## ACTION ITEM
Repeat the data that follows exactly, starting at the line with "Ботинки бордовые женские" and ending at the line with "The Get Inclusive", and leave out every picture.
====== DATA FOR ANALYSIS
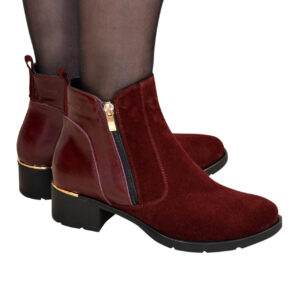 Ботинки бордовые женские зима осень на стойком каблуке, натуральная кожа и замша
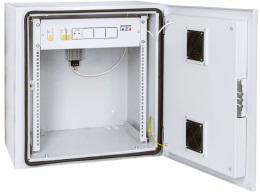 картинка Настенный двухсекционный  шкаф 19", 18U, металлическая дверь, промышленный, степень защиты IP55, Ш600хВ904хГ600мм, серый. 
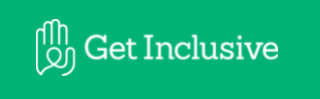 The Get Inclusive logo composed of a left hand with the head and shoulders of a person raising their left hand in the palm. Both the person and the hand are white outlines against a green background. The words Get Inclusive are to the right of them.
============
====== DATA FOR ANALYSIS
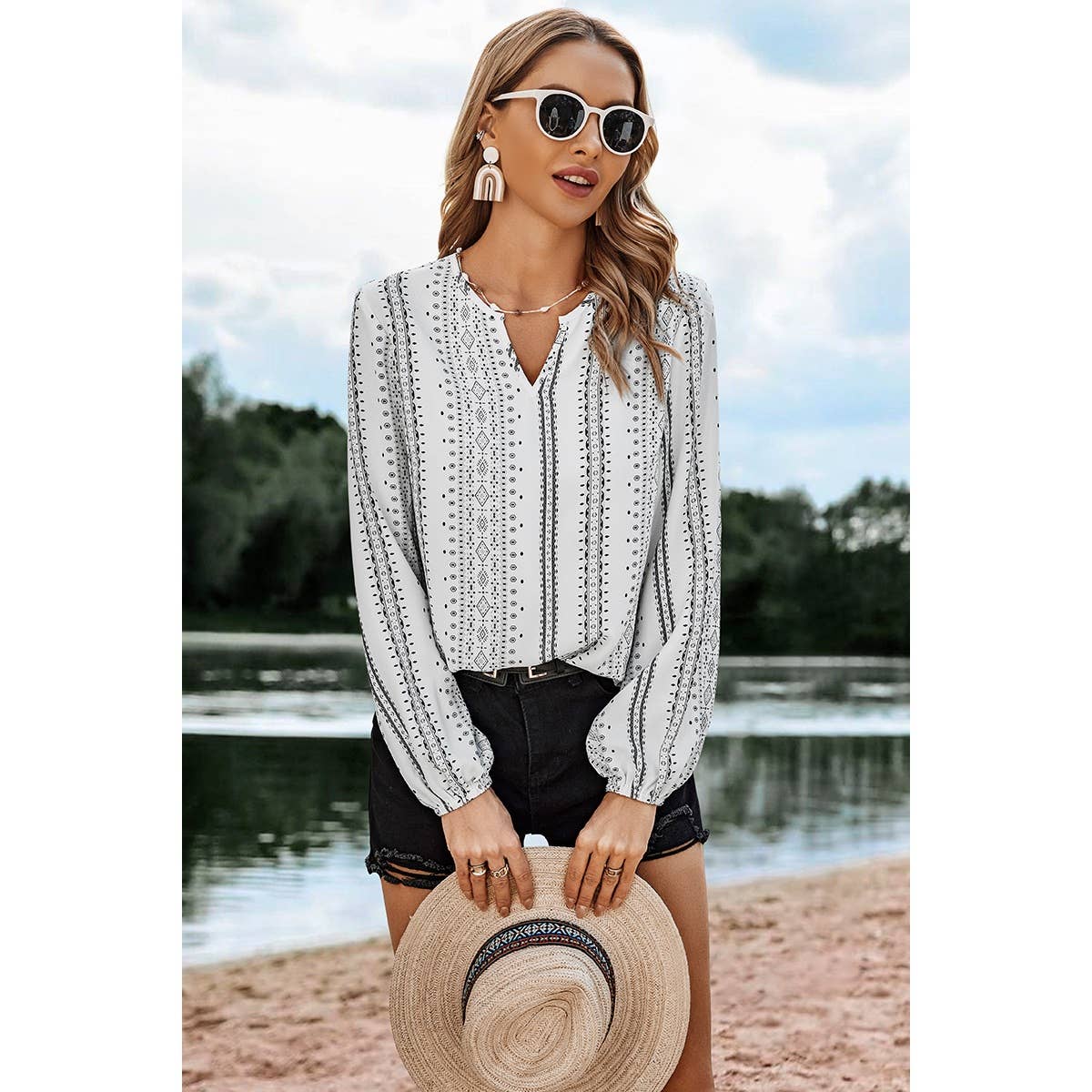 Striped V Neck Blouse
============
====== DATA FOR ANALYSIS
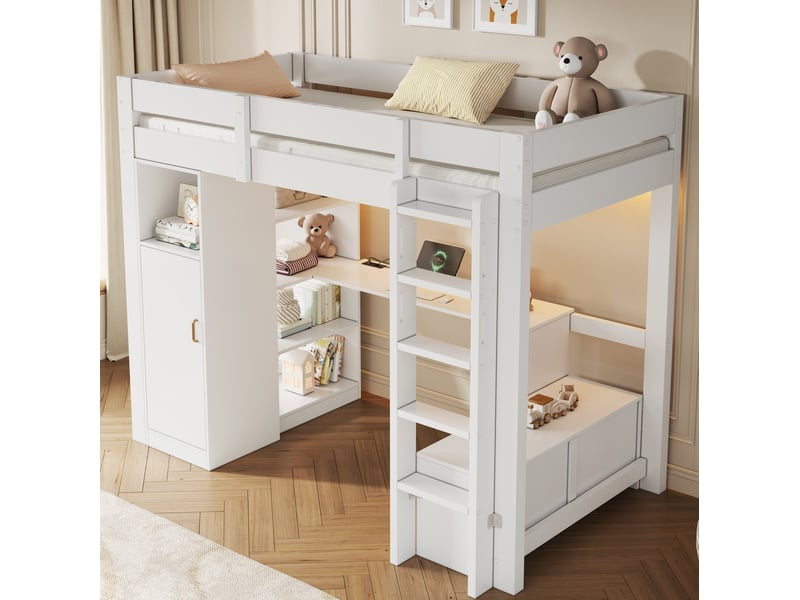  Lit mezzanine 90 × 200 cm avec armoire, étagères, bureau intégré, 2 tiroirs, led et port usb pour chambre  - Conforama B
============
## EXPECTED OUTPUT
 Ботинки бордовые женские зима осень на стойком каблуке, натуральная кожа и замша
 картинка Настенный двухсекционный  шкаф 19", 18U, металлическая дверь, промышленный, степень защиты IP55, Ш600хВ904хГ600мм, серый. 
 The Get Inclusive logo composed of a left hand with the head and shoulders of a person raising their left hand in the palm. Both the person and the hand are white outlines against a green background. The words Get Inclusive are to the right of them.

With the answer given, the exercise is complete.